The Wife and the Widow
Set against the backdrop of an eerie island town in the dead of winter, The Wife and The Widow is an unsettling thriller told from two perspectives: Kate, a widow whose grief is compounded by what she learns about her dead husband’s secret life; and Abby, an island local whose world is turned upside when she’s forced to confront the evidence of her husband’s guilt. But nothing on this island is quite as it seems, and only when these women come together can they discover the whole story about the men in their lives. Brilliant and beguiling, The Wife and The Widow takes you to a cliff edge and asks the question: how well do we really know the people we love?
Woman in the Window
An agoraphobic recluse languishes in her New York City home, drinking wine and spying on her neighbors, before witnessing a terrible crime through her window that exposes her secrets and raises questions about her perceptions of reality.
You Were Made for This
Doting wife, devoted husband, cherished child. Merry, Sam, and Conor are the perfect family in the perfect place. Merry adores the domestic life: baking, gardening, caring for her infant son. Sam, formerly an academic, is pursuing a new career as a filmmaker. Sometimes they can hardly believe how lucky they are. What perfect new lives they’ve built.
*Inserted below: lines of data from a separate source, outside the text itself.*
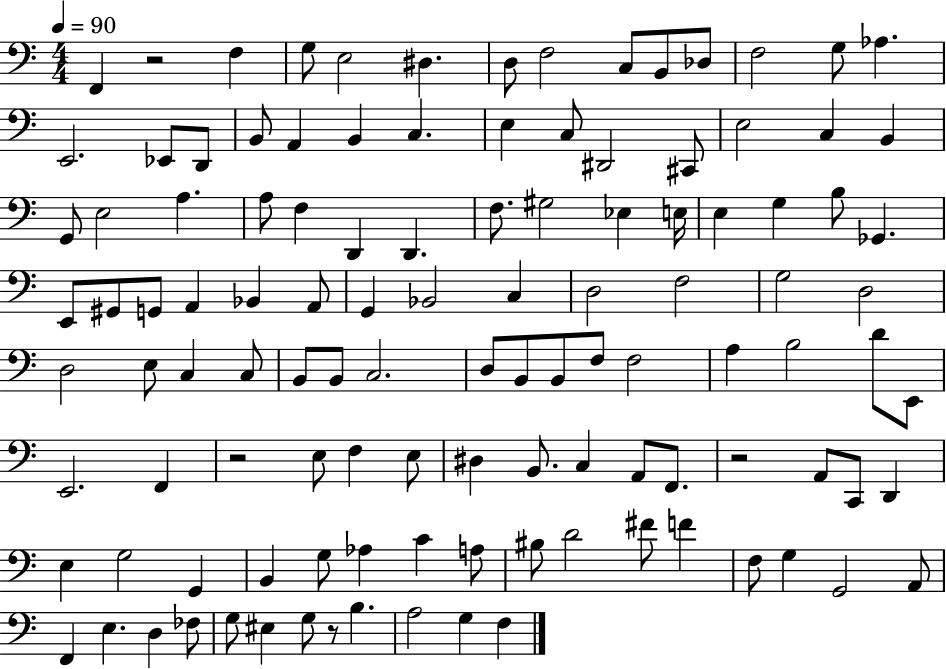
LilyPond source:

{
  \clef bass
  \numericTimeSignature
  \time 4/4
  \key c \major
  \tempo 4 = 90
  f,4 r2 f4 | g8 e2 dis4. | d8 f2 c8 b,8 des8 | f2 g8 aes4. | \break e,2. ees,8 d,8 | b,8 a,4 b,4 c4. | e4 c8 dis,2 cis,8 | e2 c4 b,4 | \break g,8 e2 a4. | a8 f4 d,4 d,4. | f8. gis2 ees4 e16 | e4 g4 b8 ges,4. | \break e,8 gis,8 g,8 a,4 bes,4 a,8 | g,4 bes,2 c4 | d2 f2 | g2 d2 | \break d2 e8 c4 c8 | b,8 b,8 c2. | d8 b,8 b,8 f8 f2 | a4 b2 d'8 e,8 | \break e,2. f,4 | r2 e8 f4 e8 | dis4 b,8. c4 a,8 f,8. | r2 a,8 c,8 d,4 | \break e4 g2 g,4 | b,4 g8 aes4 c'4 a8 | bis8 d'2 fis'8 f'4 | f8 g4 g,2 a,8 | \break f,4 e4. d4 fes8 | g8 eis4 g8 r8 b4. | a2 g4 f4 | \bar "|."
}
When Merry’s childhood friend Frank visits their Swedish paradise, she immediately becomes part of the family. She bonds with Conor. And with Sam. She befriends the neighbors, and even finds herself embracing the domesticity she’s always seemed to scorn. All their lives, Frank and Merry have been more like sisters than best friends. And that’s why Frank soon sees the things others might miss. Treacherous things, which are almost impossible to believe when looking at this perfect family. But Frank, of all people, knows that the truth is rarely what you want the world to see.